Repository Data Return – Best Practices in ASP.NET

asp.netdtoonion-architecturerepository

I have a simple project where the controller calls the service, and the service calls the repository in order to get the needed data.

Assuming that we have these domain models:

// this model has a RepositoryA built for it
Class A {
   public string Name { get; set; }
   public int B_Id { get; set; }
}

// this model has a RepositoryB built for it
Class B {
   public string Age{ get; set; }
}

And this DTO:

Class MyDto {
   public string Name { get; set; }
   public string Age{ get; set; }
}

And knowing (correct me if I'm wrong) that a repository shouldn't return a DTO, and that the query must be done in a RepositoryA where we have to select both models A & B in order to build a return that contains a mix of properties (complex request with multiple joins on different tables in the real project), what model should the repository return if not the DTO ?? knowing that the DTO is already prepared to receive the mix of properties?

Best Answer

And knowing (correct me if I'm wrong) that a repository shouldn't return a DTO

Theoretically, every layer (= project in your solution) should have its own DTO objects. In that sense, your repositories should return a DTO, but this is not the same DTO as the "business logic DTO".

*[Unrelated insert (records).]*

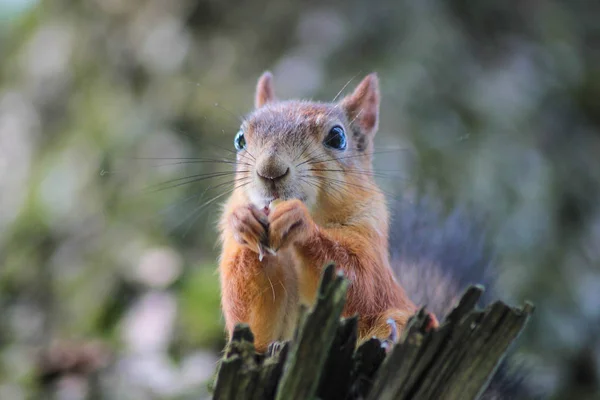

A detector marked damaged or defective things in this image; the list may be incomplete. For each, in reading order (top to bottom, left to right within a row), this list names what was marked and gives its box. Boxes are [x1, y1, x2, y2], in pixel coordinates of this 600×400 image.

splintered wood [212, 264, 536, 398]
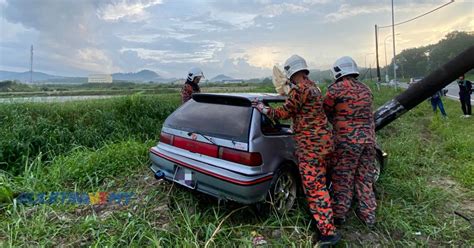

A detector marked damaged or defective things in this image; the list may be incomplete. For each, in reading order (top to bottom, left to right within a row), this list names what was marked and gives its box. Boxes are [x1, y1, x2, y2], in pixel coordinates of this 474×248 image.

crashed car [150, 93, 386, 211]
damaged vehicle [150, 92, 386, 212]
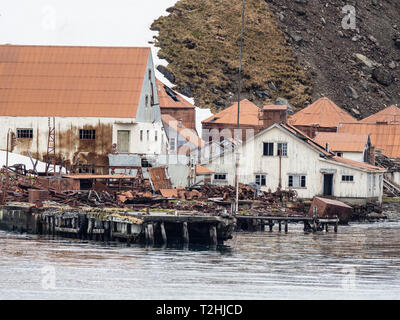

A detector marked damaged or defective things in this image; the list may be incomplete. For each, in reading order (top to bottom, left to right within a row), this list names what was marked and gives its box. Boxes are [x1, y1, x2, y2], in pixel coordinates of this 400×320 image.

rusted corrugated roof [0, 43, 150, 117]
rusted corrugated roof [155, 79, 195, 109]
rusted corrugated roof [202, 99, 260, 126]
rusted corrugated roof [288, 97, 356, 128]
rusted corrugated roof [360, 105, 400, 124]
rusted corrugated roof [161, 114, 205, 148]
rusted corrugated roof [314, 132, 370, 152]
rusted corrugated roof [340, 122, 400, 158]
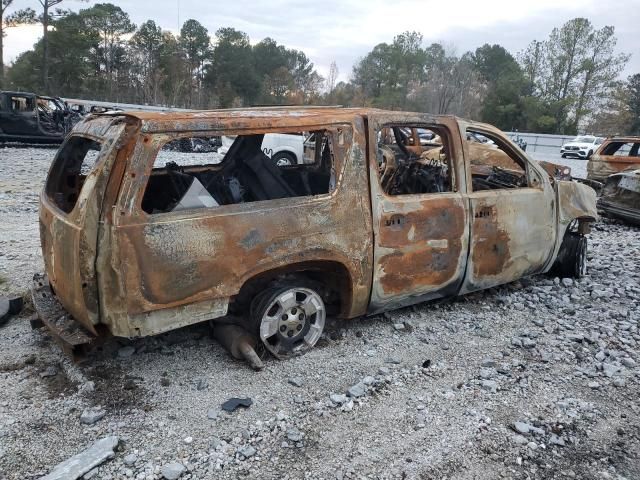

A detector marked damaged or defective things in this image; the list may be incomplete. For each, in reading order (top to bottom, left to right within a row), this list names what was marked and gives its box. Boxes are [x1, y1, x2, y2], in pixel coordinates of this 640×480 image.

rusted vehicle frame [32, 108, 596, 356]
burned chevrolet suburban [32, 107, 596, 358]
burned suv [32, 108, 596, 360]
charred metal body [31, 108, 600, 360]
burned door panel [364, 115, 470, 314]
rusted vehicle frame [588, 136, 640, 183]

However, in reality, we don't need that much separation. The benefits do not outweigh the effort. In most cases, it suffices to have a single entity-DTO conversion, which tends to happen in the business layer (BLL), which is one layer above the repository layer (DAL).
In that sense, your repositories should not return a DTO. But your business classes should.

and that the query must be done in a RepositoryA where we have to select both models A & B in order to build a return that contains a mix of properties (complex request with multiple joins on different tables in the real project)

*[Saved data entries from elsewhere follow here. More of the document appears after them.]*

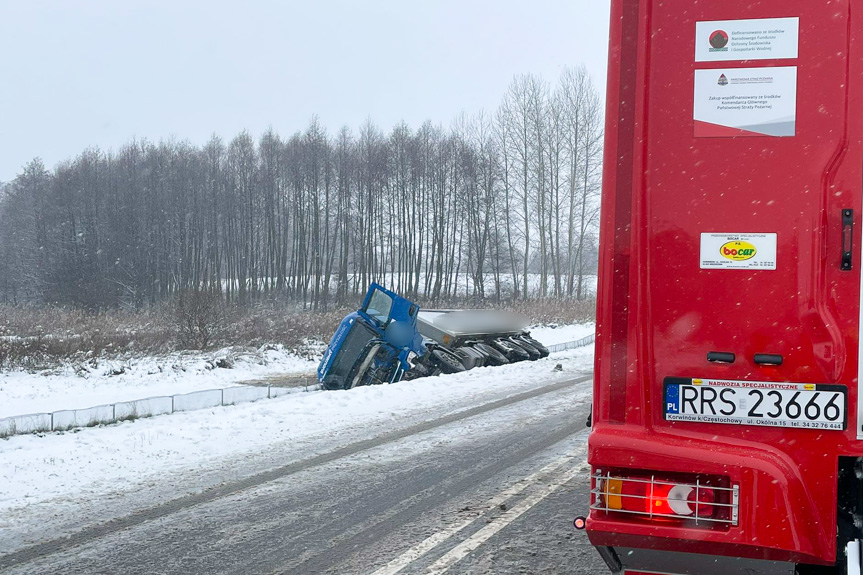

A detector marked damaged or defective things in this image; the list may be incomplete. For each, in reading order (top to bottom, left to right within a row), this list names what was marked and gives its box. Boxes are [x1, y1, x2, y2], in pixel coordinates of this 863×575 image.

overturned blue truck [316, 284, 548, 392]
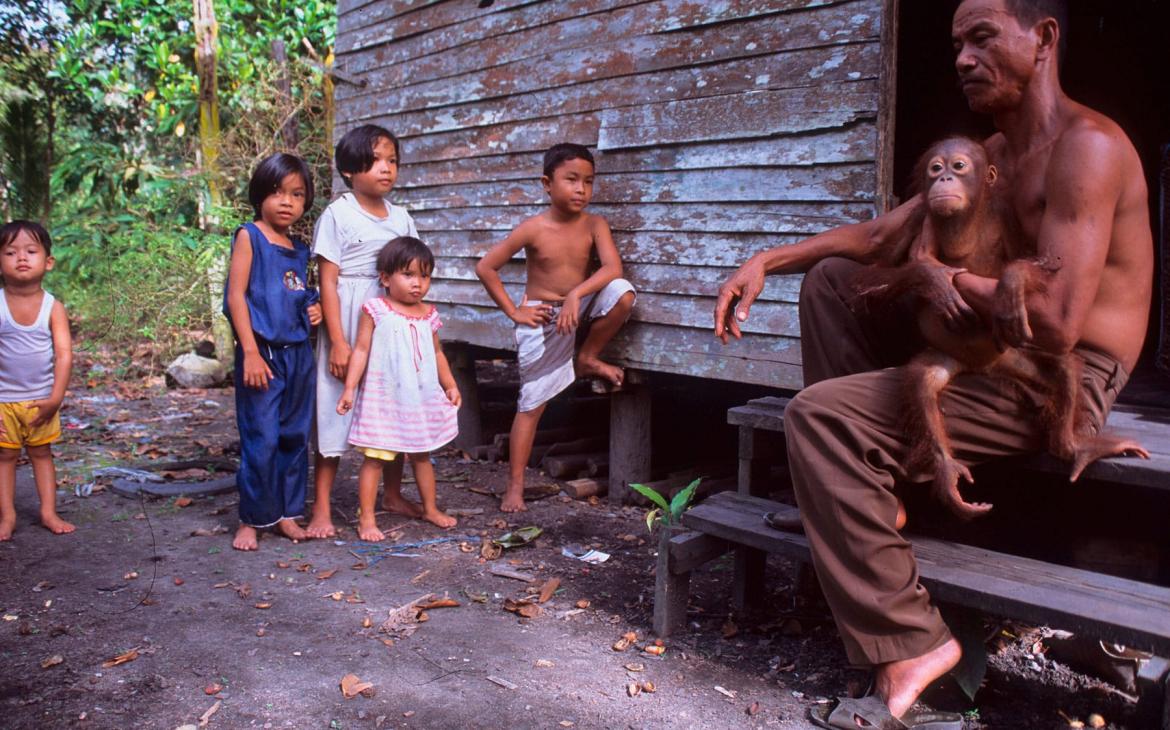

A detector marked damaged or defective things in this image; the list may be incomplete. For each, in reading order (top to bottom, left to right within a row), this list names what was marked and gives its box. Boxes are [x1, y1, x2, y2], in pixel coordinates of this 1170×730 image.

rusty corrugated metal wall [334, 0, 889, 390]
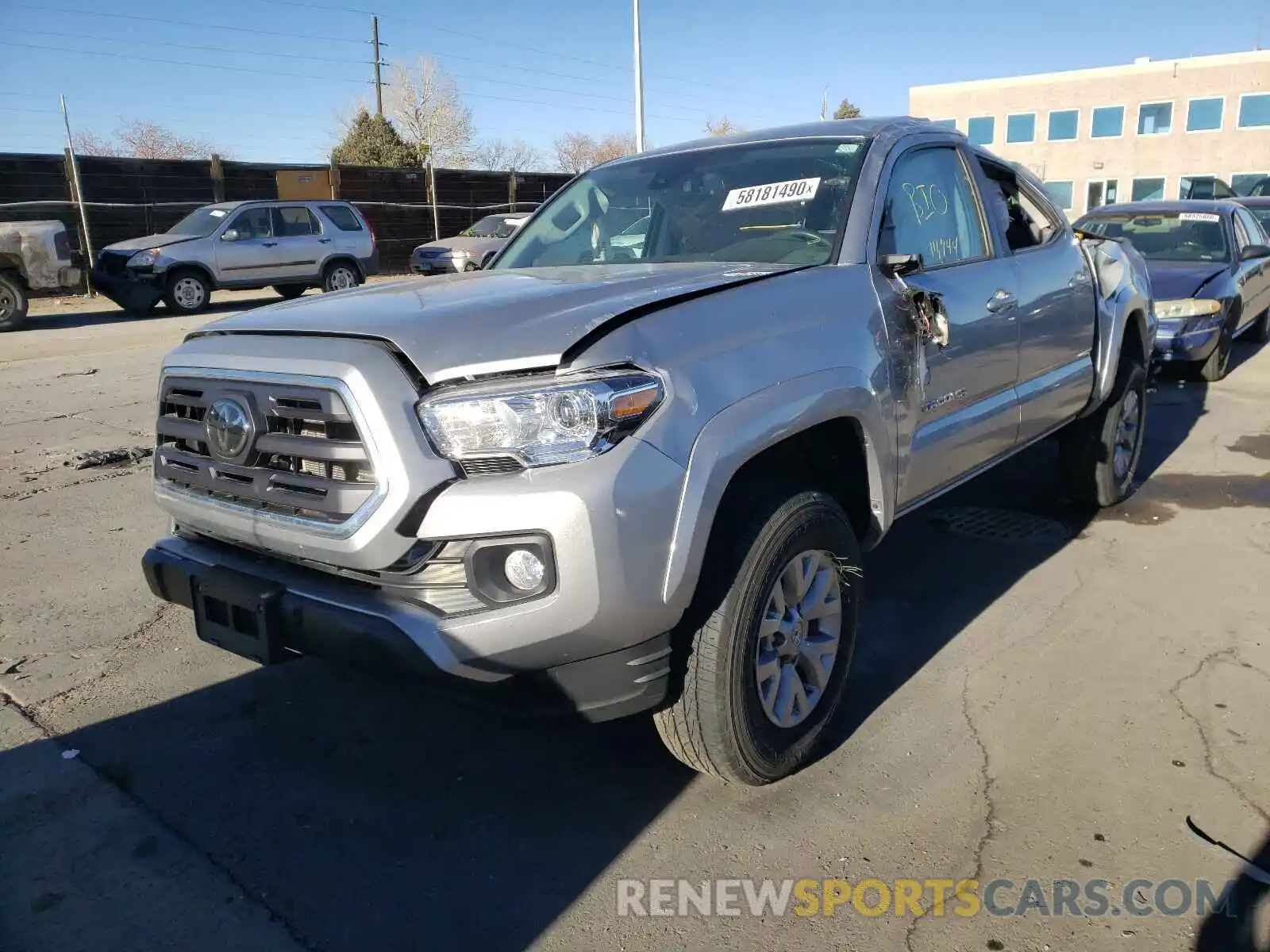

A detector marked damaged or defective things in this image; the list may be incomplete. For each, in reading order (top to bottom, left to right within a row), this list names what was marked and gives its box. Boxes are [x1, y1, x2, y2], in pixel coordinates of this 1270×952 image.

cracked concrete ground [2, 293, 1270, 952]
damaged toyota tacoma [144, 119, 1158, 787]
broken side mirror [883, 251, 924, 278]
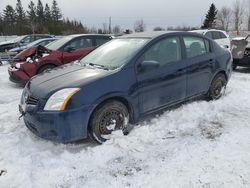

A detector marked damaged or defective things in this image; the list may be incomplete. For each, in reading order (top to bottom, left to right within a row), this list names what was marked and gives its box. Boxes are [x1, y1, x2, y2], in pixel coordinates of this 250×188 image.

damaged car [8, 34, 112, 84]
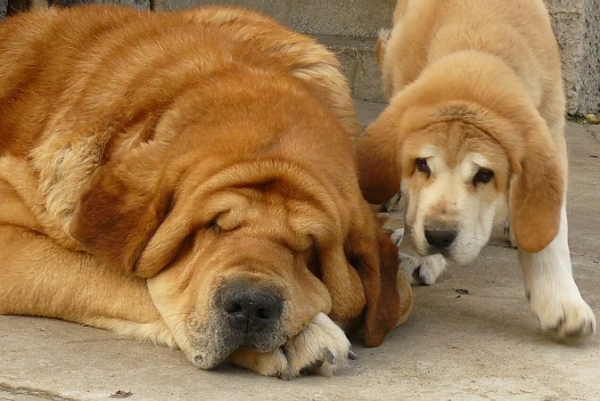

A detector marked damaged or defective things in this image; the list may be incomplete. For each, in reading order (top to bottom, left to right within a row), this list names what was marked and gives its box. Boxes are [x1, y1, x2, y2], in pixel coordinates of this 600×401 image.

crack in concrete [0, 382, 77, 400]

The issue here is one of realism. The theory simply can't be put into practice.

Theoretically, repositories are designed to be entity-type-specific data providers. In other words, you get A from the ARepository and B from the BRepository.

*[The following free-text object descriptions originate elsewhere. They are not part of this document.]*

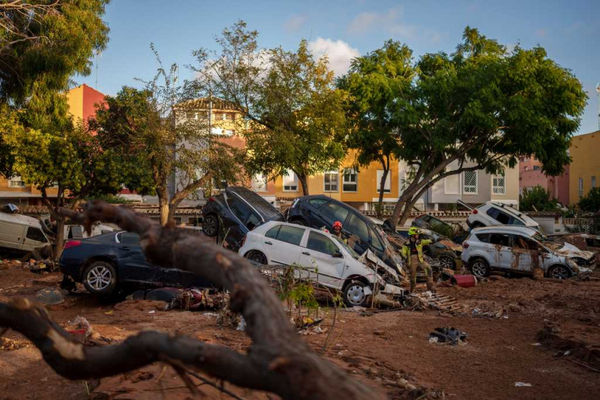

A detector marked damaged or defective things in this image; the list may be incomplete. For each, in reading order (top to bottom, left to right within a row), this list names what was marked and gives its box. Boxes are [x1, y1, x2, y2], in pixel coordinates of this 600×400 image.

damaged car [238, 220, 404, 308]
damaged car [462, 227, 592, 280]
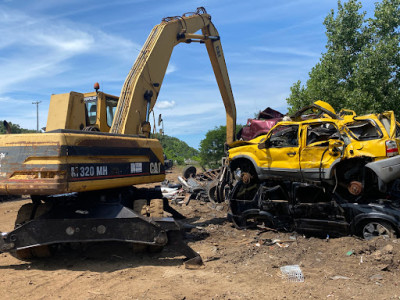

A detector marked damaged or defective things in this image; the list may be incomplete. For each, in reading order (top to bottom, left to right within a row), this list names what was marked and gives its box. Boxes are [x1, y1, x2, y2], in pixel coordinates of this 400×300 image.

crushed car [223, 101, 400, 239]
wrecked car [225, 101, 400, 239]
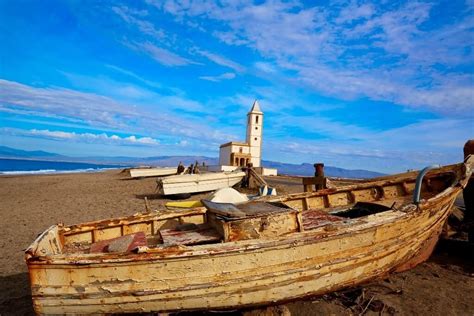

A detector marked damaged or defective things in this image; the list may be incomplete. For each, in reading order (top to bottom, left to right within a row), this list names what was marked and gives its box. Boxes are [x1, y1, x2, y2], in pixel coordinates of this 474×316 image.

rusty boat hull [25, 158, 470, 314]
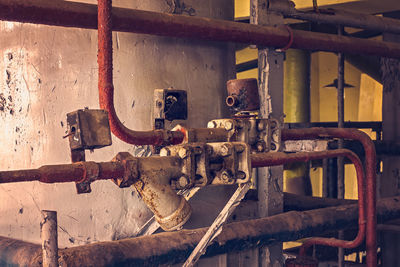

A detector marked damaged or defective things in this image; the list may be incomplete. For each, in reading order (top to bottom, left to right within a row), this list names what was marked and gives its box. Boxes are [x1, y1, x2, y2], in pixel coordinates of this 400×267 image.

rusty pipe [97, 0, 184, 147]
horizontal rusty pipe [97, 0, 184, 147]
large rusted pipe [97, 0, 184, 147]
vertical rusty pipe [97, 0, 184, 147]
horizontal rusty pipe [0, 0, 398, 58]
large rusted pipe [0, 0, 398, 59]
rusty pipe [0, 0, 400, 59]
rusty metal cylinder [225, 79, 260, 113]
vertical rusty pipe [40, 211, 58, 267]
rusty pipe elbow [133, 158, 192, 231]
large rusted pipe [0, 197, 396, 267]
horizontal rusty pipe [1, 197, 396, 267]
horizontal rusty pipe [253, 150, 366, 256]
large rusted pipe [253, 150, 366, 256]
rusty pipe [252, 149, 368, 258]
large rusted pipe [280, 127, 376, 267]
rusty pipe [280, 129, 376, 266]
horizontal rusty pipe [282, 128, 376, 267]
vertical rusty pipe [282, 129, 376, 266]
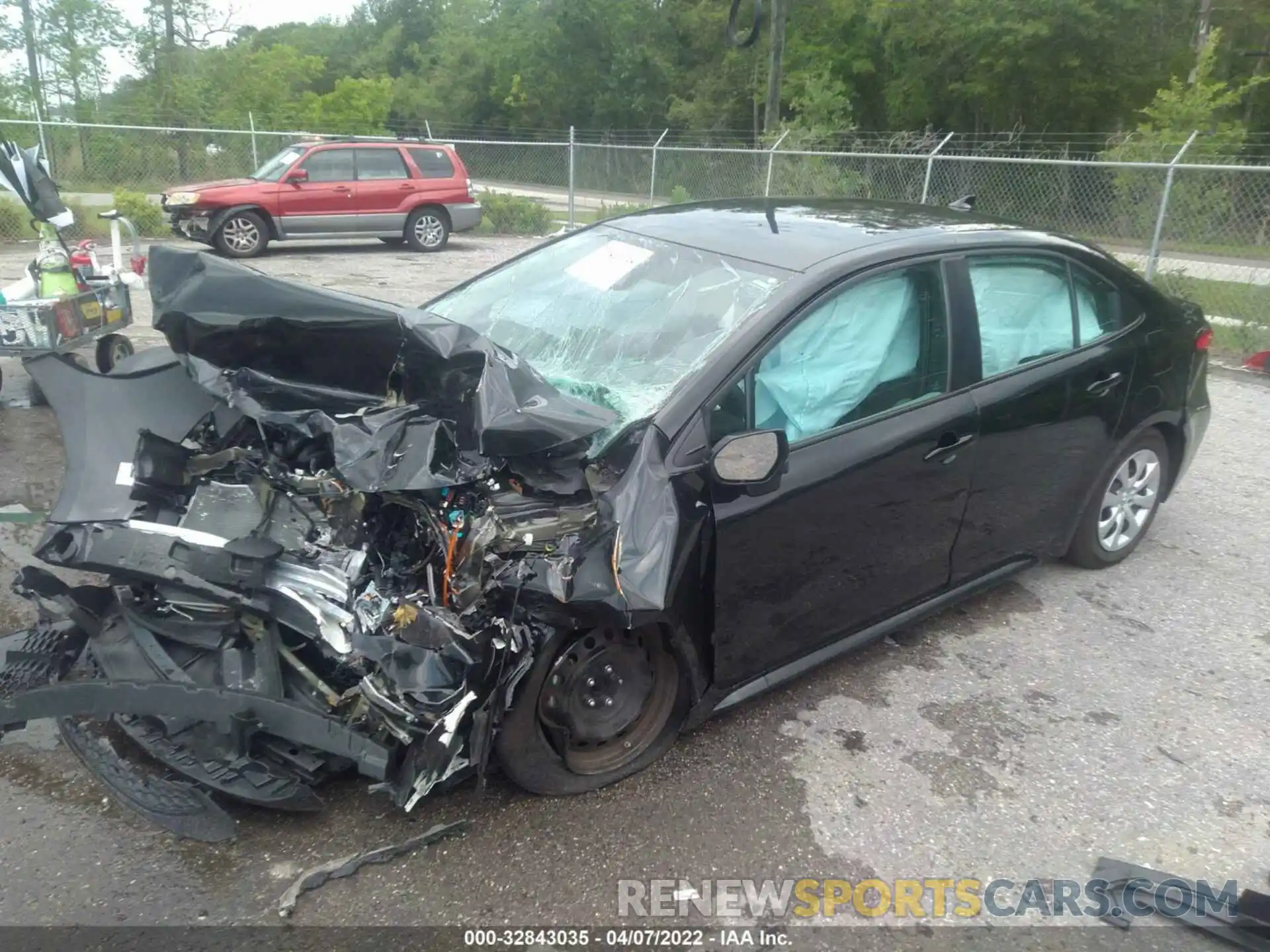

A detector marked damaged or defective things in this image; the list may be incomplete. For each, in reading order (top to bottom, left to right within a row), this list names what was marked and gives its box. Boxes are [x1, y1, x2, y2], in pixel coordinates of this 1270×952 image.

However, when dealing with external storage resources (database server), the effort needed to retrieve data is non-negligible. This creates an issue for us. For every entity type we wish to retrieve, we need a separate call via its own repository.

Sidenote: If you're either not dealing with an external data resource or you're not trying to run single queries which will return objects of multiple types, the continuation of this answer is irrelevant to you, as you'll be perfectly happy with getting each type from its own repository.

Once you're dealing with more than one entity type in a request, separating these into separate retrieval queries is counterproductive. While it does create a clean code structure, it dramatically impacts performance. This becomes doubly egregious when you realize that a SQL database server is specifically optimized for joining (by using indexes), but the code that calls the database (repository) is somehow incapable of implementing that same graceful data mixing approach.

Using repositories has becoming an antipattern here. The obstacles you encounter are caused by us deciding to use repositories. And a "solution" that creates a bigger obstacle than it aims to solve is not a solution.

A unit of work solves a lot of the problems that repositories introduce in terms of transational safety (having all repositories use the same context.

However, a unit of work does not help with deciding where to write a complex data query (ARepository? BRepository? ...)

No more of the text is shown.